そのまま去ろうとすると、風間先生がピッタリと横についてきた。
「その上席もお隣になるんだろ? 全く、授業中におっぱじめるのだけは勘弁してくれよ」
「......僕と小早川さんって、隣になるんですか?」
突然の下ネタに動揺しながらも、そこはスルーして気になるところを聞く。
「いや、そりゃそうだろう。人と関わりたくないもん同士で固まりたいんだろ?」
「......確かにですね」
風間先生の言う通りだ。昨日は言及されなかったが、普通に行けば、小早川の隣は僕になることだろう。なにせ、僕の嘘あってのことだが、小早川は一年一組の中から、まず最初に僕を部活を一緒にやる相手として選んだのだ。隣の席だって僕を選んでおかしくない。
それなら小早川とは再び隣の席の関係になる。しかし、同時に小早川は江藤と離れたがるだろうから、自然と僕と江藤も離れるわけだ。江藤の小早川に対する興味がどこまで持続するかわからない中、江藤と席が離れることが確定してしまうのは辛いところだ。
いやしかし、僕は辞めるわけだし、もし隣になったらめっちゃ気まずいから、小早川も避けるんじゃないか......いや、小早川のことだ、気まずいからこそ会話が起こりえないと、むしろ僕を隣にするかもしれない。
「風間先生」
すると、三階から二階へと降りる階段の踊り場にさしかかったところで、後ろから女性にしては低めのトーンで風間先生を呼ぶ声があった。僕と小早川はどうせ最終的に付き合うんだと言う話から、ぐちぐち青春を謳歌する高校生に対して苦言を呈し、ポカリスウェットのCMまでに文句を言い始めていた風間先生が、ピタリと止まる。
振り返り見上げると、如月先生が黒縁眼鏡越しに僕たちを見下ろしていた。武藤先生は一年の学年主任を務めながら生徒会の顧問もやっているスーパー教師だ。そんな如月先生からしたら、炒飯をおかずに白飯を二杯食べたことを授業中自慢げに話す風間先生は、教師としてありえない存在なんだろう。
「これはこれは、如月先生じゃありませんか。どうかしましたか?」
「いえ、映研部の方はどうなったかと思いましてね」
如月先生が、黒のバレエシューズでコツコツと音を立てて、僕たちのところまで降りてくる。生徒会顧問である如月先生は、映研部廃部を望んでいるらしいので、辞める身とはいえバツが悪い。
「ああ!? それがもう、どしどし部員が集まっている状態で、もう困ってるんですよ!?」
如月先生が映研部顧問失格の演技力で嘘をつく。バレバレのはずだが、如月先生は無表情を崩さず、頷いた。
「そうですか。それは大変結構ですね。そんな風間先生に私からプレゼントがあります」
そう言って、如月先生は手に持ったファイルの中から一枚の紙を取り出し、風間先生に手渡した。
「○○市映像フェスティバル?」
風間先生がつぶやく。どうやら如月先生が渡したのは、この市で行われている映画コンテストのチラシのようだ。応募締め切りは......六月の十八日。あと一ヶ月ちょっとか。
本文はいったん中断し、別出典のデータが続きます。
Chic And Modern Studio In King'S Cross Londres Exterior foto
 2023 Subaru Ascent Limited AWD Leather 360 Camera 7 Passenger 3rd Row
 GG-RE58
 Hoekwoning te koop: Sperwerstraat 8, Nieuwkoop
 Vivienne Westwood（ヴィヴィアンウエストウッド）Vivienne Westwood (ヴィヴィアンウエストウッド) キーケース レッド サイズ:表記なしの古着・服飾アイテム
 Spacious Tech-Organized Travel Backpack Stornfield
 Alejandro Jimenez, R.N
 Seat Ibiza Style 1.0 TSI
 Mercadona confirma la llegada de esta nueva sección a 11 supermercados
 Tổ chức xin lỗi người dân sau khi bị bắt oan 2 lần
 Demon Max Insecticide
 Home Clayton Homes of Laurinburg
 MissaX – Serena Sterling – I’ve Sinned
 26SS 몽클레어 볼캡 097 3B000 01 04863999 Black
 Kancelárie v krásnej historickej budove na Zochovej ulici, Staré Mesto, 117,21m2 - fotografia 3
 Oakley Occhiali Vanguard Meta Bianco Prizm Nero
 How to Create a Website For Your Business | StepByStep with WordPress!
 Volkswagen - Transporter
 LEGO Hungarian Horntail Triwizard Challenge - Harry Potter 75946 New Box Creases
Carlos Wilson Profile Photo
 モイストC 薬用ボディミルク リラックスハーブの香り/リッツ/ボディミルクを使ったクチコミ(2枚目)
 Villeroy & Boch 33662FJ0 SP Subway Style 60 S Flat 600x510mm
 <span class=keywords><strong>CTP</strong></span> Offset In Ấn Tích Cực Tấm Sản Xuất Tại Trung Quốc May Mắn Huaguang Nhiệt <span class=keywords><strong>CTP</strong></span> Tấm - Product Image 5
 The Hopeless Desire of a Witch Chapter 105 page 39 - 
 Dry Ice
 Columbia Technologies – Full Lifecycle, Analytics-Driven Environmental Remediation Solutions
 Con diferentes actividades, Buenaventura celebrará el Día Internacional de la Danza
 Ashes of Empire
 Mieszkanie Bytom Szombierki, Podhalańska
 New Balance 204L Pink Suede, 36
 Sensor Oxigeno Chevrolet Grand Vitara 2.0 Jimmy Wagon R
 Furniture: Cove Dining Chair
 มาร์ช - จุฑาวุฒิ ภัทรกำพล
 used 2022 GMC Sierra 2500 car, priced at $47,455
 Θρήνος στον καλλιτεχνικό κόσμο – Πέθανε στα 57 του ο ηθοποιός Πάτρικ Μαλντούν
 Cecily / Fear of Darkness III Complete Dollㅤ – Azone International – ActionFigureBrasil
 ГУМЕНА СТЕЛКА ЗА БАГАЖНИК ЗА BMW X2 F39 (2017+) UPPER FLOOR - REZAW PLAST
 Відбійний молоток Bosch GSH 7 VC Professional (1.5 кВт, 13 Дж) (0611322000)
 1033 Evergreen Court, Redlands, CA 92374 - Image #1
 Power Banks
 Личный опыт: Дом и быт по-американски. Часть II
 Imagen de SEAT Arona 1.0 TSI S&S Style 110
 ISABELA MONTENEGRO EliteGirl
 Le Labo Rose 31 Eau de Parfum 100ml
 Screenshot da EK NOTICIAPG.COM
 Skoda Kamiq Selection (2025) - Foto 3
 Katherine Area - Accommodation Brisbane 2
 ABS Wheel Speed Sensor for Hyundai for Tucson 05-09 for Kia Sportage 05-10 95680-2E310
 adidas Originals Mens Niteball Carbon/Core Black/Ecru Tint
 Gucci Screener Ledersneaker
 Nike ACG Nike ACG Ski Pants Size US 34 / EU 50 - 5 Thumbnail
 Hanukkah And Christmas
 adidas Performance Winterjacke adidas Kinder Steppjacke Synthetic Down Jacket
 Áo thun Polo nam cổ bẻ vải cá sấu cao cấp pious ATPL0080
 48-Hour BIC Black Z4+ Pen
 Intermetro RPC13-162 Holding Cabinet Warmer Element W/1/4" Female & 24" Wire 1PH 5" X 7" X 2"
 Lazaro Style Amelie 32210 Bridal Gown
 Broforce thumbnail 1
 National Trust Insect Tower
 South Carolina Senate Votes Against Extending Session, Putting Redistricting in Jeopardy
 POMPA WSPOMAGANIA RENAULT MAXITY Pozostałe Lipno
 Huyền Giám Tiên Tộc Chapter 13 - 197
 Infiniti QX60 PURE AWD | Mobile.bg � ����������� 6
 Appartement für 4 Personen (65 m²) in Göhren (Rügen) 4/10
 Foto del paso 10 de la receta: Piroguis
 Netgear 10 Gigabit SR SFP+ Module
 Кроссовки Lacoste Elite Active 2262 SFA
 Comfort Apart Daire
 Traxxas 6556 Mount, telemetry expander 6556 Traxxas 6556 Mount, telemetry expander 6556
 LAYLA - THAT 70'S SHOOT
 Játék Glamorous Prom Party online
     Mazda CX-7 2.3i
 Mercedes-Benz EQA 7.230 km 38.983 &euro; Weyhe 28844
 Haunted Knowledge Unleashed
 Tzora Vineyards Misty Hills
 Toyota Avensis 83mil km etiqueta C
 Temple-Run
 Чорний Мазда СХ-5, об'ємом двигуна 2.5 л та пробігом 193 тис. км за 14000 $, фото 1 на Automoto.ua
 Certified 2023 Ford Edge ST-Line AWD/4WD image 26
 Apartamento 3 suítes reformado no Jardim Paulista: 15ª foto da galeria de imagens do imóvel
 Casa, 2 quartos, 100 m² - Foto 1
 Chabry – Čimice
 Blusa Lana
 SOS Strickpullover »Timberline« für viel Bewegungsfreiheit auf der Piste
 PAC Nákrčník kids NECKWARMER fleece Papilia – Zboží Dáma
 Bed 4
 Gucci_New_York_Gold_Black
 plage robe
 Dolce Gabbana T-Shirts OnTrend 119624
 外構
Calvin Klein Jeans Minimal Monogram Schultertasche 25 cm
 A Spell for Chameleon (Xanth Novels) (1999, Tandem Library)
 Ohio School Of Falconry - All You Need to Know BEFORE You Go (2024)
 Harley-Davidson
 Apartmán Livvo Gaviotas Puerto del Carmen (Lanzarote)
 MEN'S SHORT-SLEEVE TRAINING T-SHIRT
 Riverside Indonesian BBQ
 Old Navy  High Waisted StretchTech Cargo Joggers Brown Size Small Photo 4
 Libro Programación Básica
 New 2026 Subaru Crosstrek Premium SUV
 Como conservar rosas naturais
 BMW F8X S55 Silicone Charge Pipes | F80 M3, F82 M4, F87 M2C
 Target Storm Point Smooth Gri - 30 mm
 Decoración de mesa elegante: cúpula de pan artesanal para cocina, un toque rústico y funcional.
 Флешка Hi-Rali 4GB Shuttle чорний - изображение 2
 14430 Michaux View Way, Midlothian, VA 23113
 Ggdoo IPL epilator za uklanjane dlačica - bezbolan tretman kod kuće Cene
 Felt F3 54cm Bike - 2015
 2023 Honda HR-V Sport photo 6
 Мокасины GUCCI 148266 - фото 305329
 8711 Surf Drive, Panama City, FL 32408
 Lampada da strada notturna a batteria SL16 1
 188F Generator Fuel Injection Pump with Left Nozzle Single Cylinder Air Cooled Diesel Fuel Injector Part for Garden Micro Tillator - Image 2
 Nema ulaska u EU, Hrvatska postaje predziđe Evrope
「どうやら、県内のまともな映研部は全て参加しているようです。当然、我が校の映研部も参加される予定ですよね?」
「......ははは、もちろんですよ」
風間先生がひきつった笑みを浮かべる。もちろん僕は一切そんな話聞いていない。
「そうですよね。たとえ部員が足りていても、まともな活動もしていない部などは認められませんから、そうでないと困ります......映画、期待していますよ」
そういうと、如月先生は僕たちに一瞥をくれてから、伸びた背筋で階段を降りていった。その後ろ姿を忌々しげに見送った風間先生は、再びチラシに目を落とした。
「まったく、せこい嫌がらせしやがって。どうせ幽霊部員しか集まらないって思ってんだよ。こんなのパパッと撮って鼻を明かしてやろう.....え、三十分以上の映画しか出せないの? だっる〜」
やる気を出したのもつかの間、肩を落とす風間先生。しかも、それだけじゃない。どうやら脚本も、原作なしのオリジナルのものじゃないといけないらしい。もうこの時点で、このなんたらフェスティバルの主催者が意識高い系の素人のくせに上から目線タイプで、なんら具体性のない評論で悦に浸るタイプなのは確定したようなものだ。
しかし、これで文化祭と合わせて、この一年で二本映画を取らないといけなくなったわけか。小早川、辞めるって言い出すんじゃないか......それならラッキーだと思っている僕はやっぱり糞野郎だな。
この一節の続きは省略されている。